Another challenge DAOs will face as they transition to the mainstream is regulation. Laws on incorporation and tax structuring are ambiguous and often outdated, leaving it up to the DAOs to do their interpretation to fill in the gaps.
It should also be noted that decentralization is spectrum and not binary. Although DAO governance tokens allow users to participate in decentralized governance, most projects still operate with a degree of centralization.
Related: Decentralization versus centralization: where does the future lie? Experts answer
Finally, decentralized governance is difficult, especially on a large scale. It is a big challenge with multiple hurdles that have plagued blockchain developers since the early days. How do you keep voters engaged once the community gets big enough and votes need to be held more and more frequently?
How do you prevent wealthy whales from buying their way to power by picking up a majority of chips? To what extent should the code have the force of law, and shouldn’t there be safeguards in place in case a malicious entity manages to wrest majority control? If so, who controls the security?
There are no easy answers to these questions, but now that crypto, NFTs, and DeFi have found a foothold in mainstream consciousness, it seems natural that DAOs follow.
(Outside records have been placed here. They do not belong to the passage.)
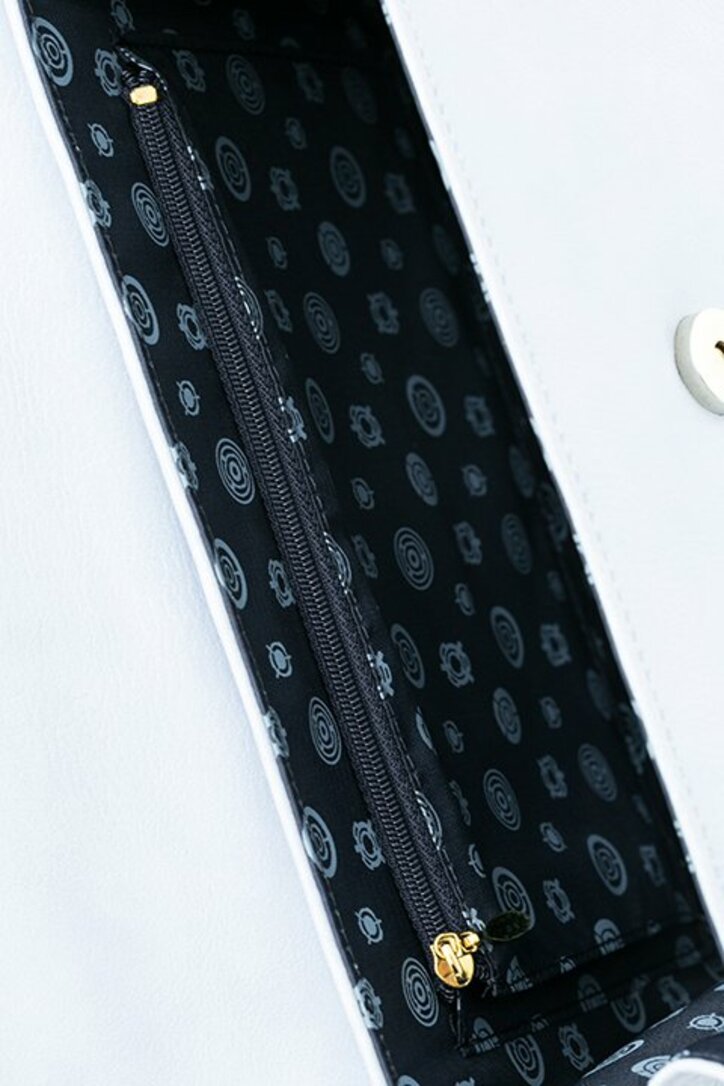 アニメ『血界戦線 & BEYOND』レオナルドとクラウスが手元に! 佐藤さきコラボのショルダーバッグとポーチが発売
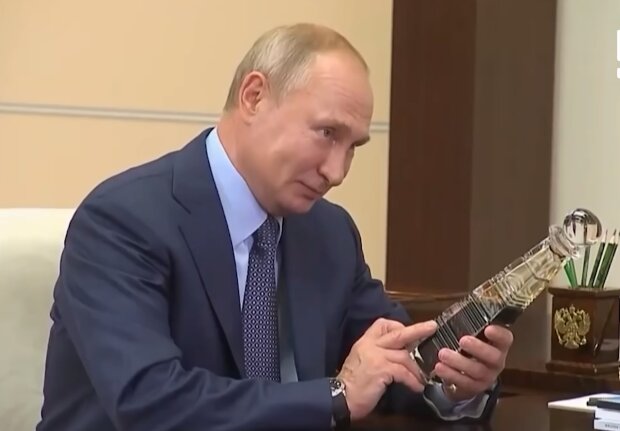 Путин опозорился, запустив 4 ракеты против одного украинского железнодорожника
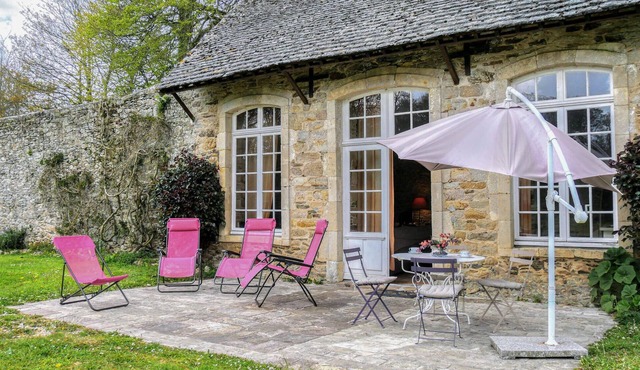 3 bedroom beautiful home in Gonneville-le-Theil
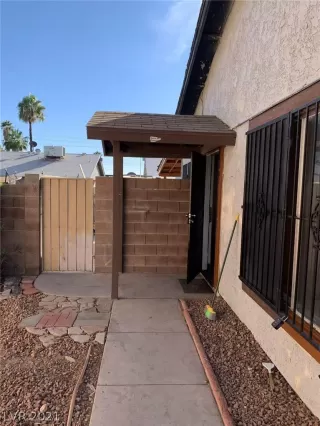 Photo #1: 2351098 Listing 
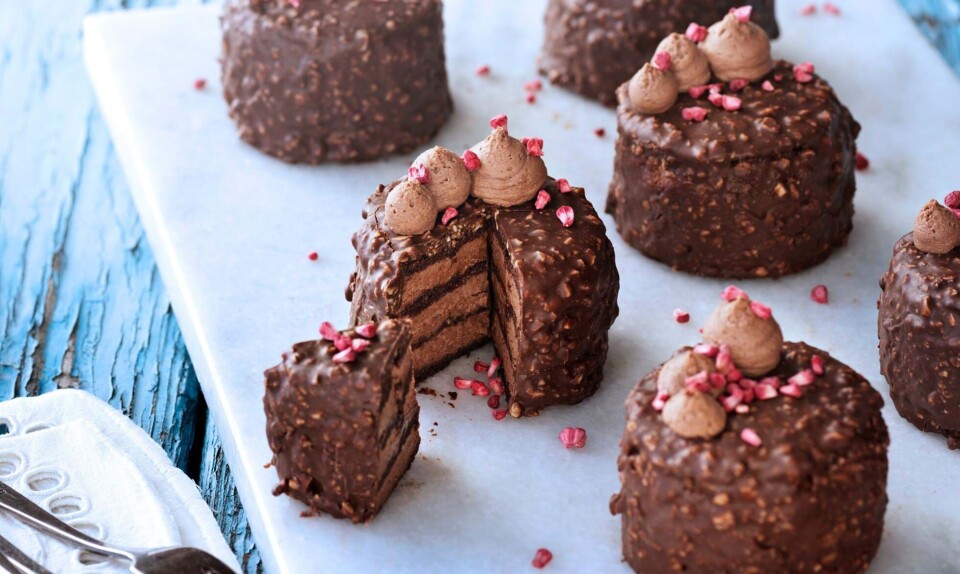 Små fine chokoladekager til dessert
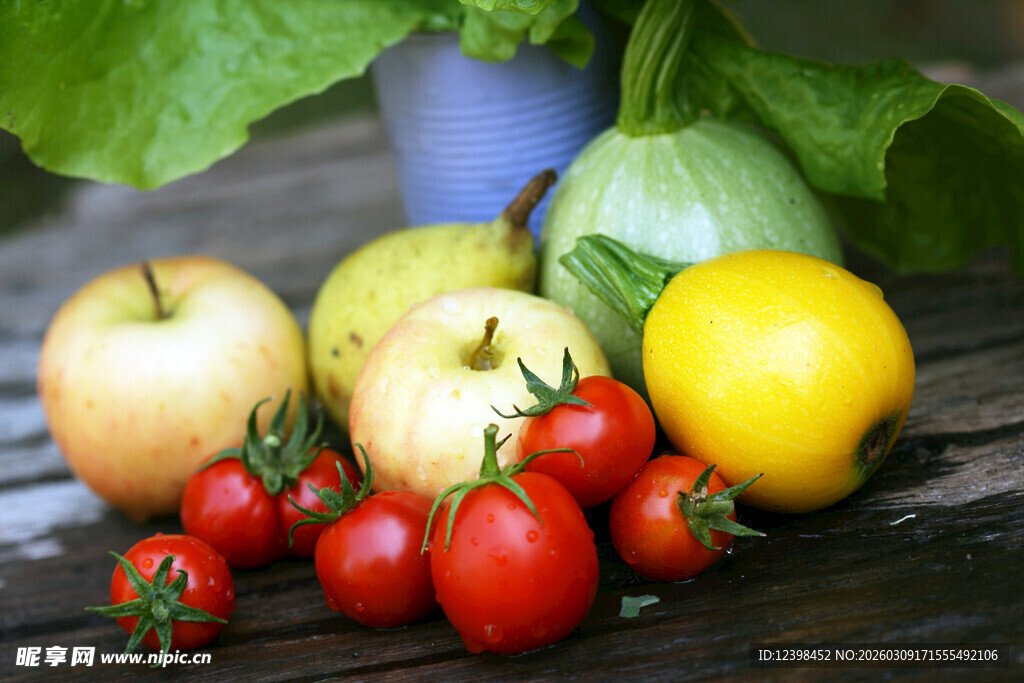 新鲜多样蔬果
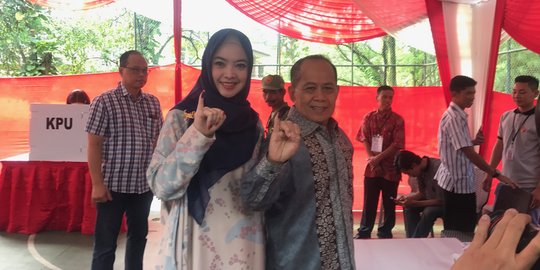 Nyoblos di TPS Bojongkoneng, Inggrid Kansil optimis menang Pilbup Bogor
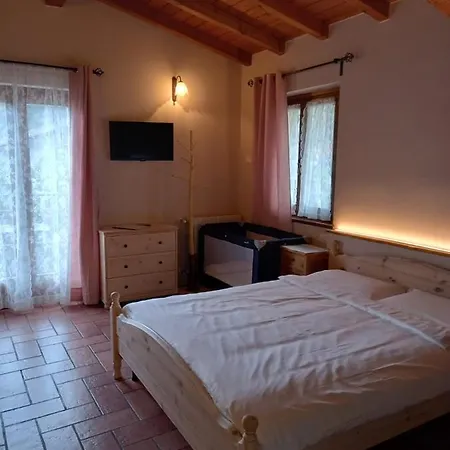 Alloggio per agriturismo La Zangola Tremosine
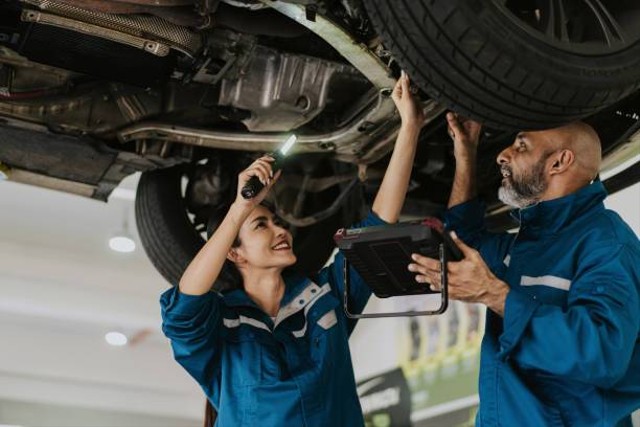 Ilustrasi Perkembangan Dunia Kerja Pada Bidang Otomotif, Foto: Unsplash/Koh Sze Kiat.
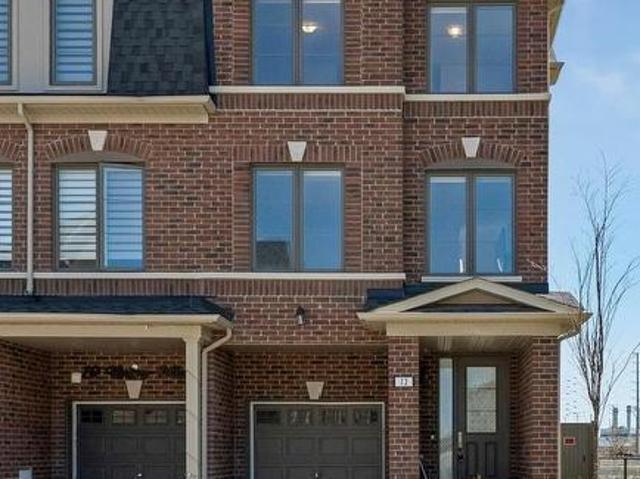 12 Vestry Way, Brampton, ON, L6P 4N8 house for sale | Listing ID W13413 | Royal LePage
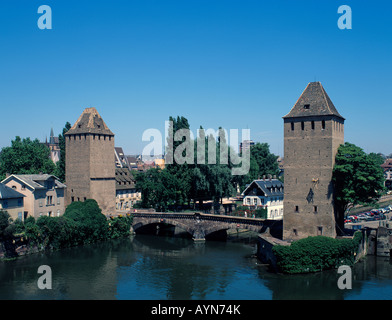 Europe Europa Frankreich France Strasbourg Strasbourg Elsass LesThe Ponts Couverts Banque D'Images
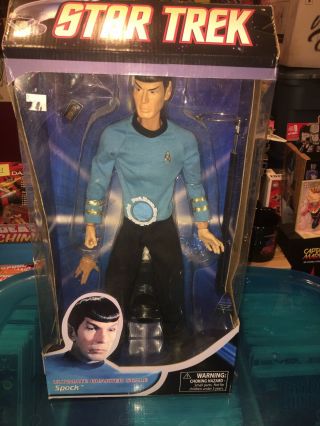 Star Trek Commander Spock 1:4 Ultimate Quarter Scale Action Figure Art Asylum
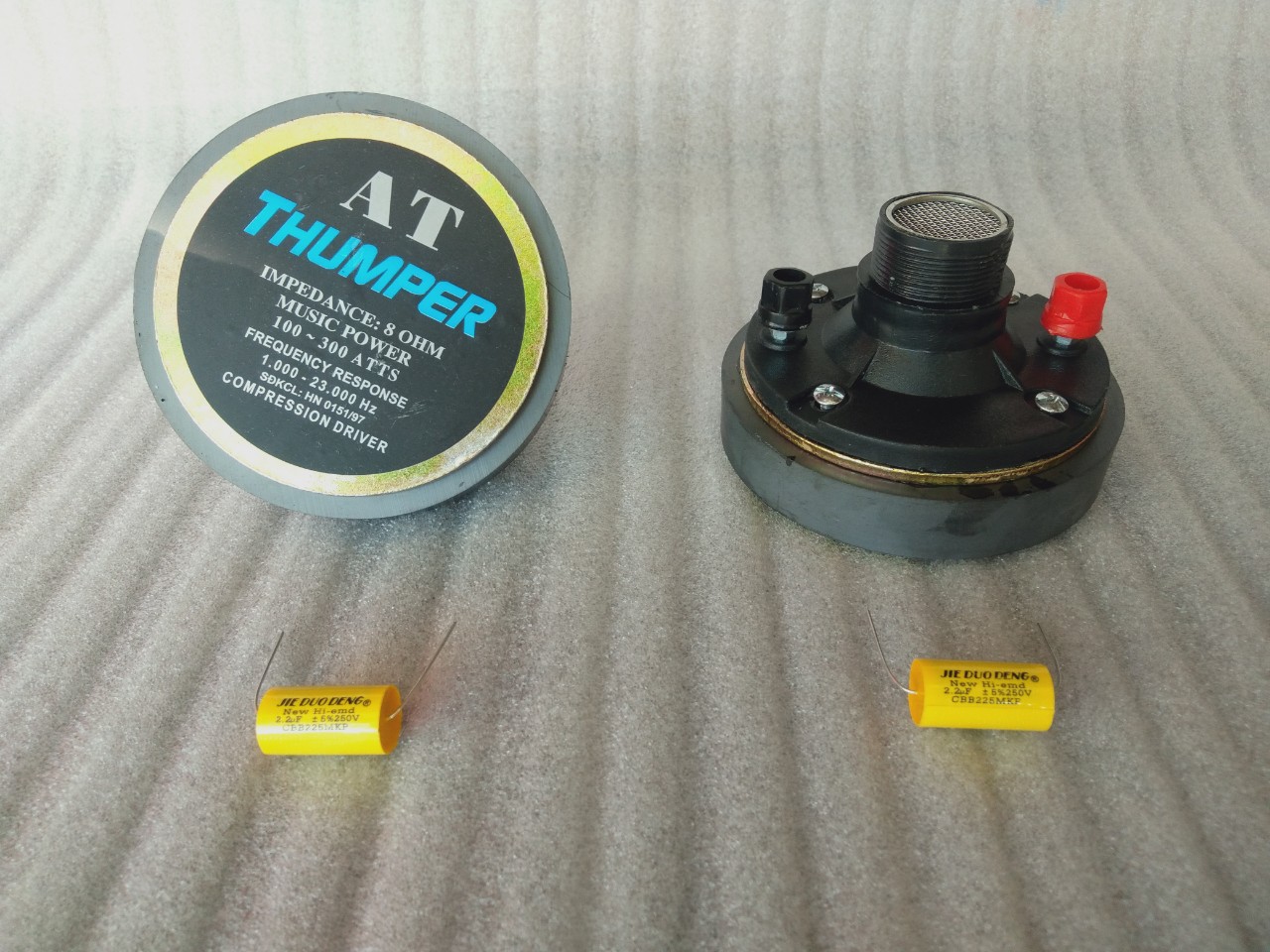 1 CỦ LOA TREBLE KÈN 450 THUMPER TỪ 120
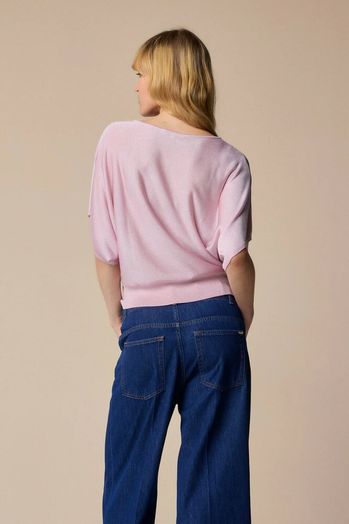 Lichtroze glanzende pull met boothals en vlindermouwen Karla Kocca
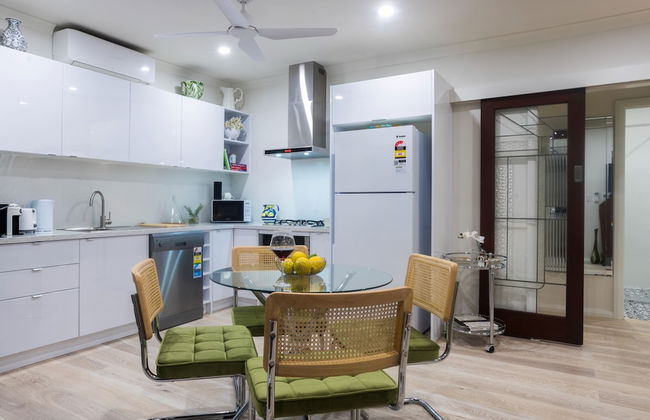 Beautiful Pet Friendly 1BR Cottage With Patio - Photo 2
Also, as they become more common, it should become easier to identify simpler ways in which communities can decentralize governance.
This article does not contain investment advice or recommendations. Every investment and trading move involves risk, and readers should conduct their own research when making a decision.
The views, thoughts and opinions expressed herein are those of the author alone and do not necessarily reflect or represent the views and opinions of Cointelegraph.
Hannes Graah is the former VP of Growth at Revolut and founder of the Gro stablecoin production protocol. He also spent eight years at Spotify scaling the company’s operations and various mid-stream growth projects, then launching new regions through to the IPO. Founder of startups four times, he is also an investor and advisor in more than 10 companies as well as a growth strategist for more than 30 brands and companies.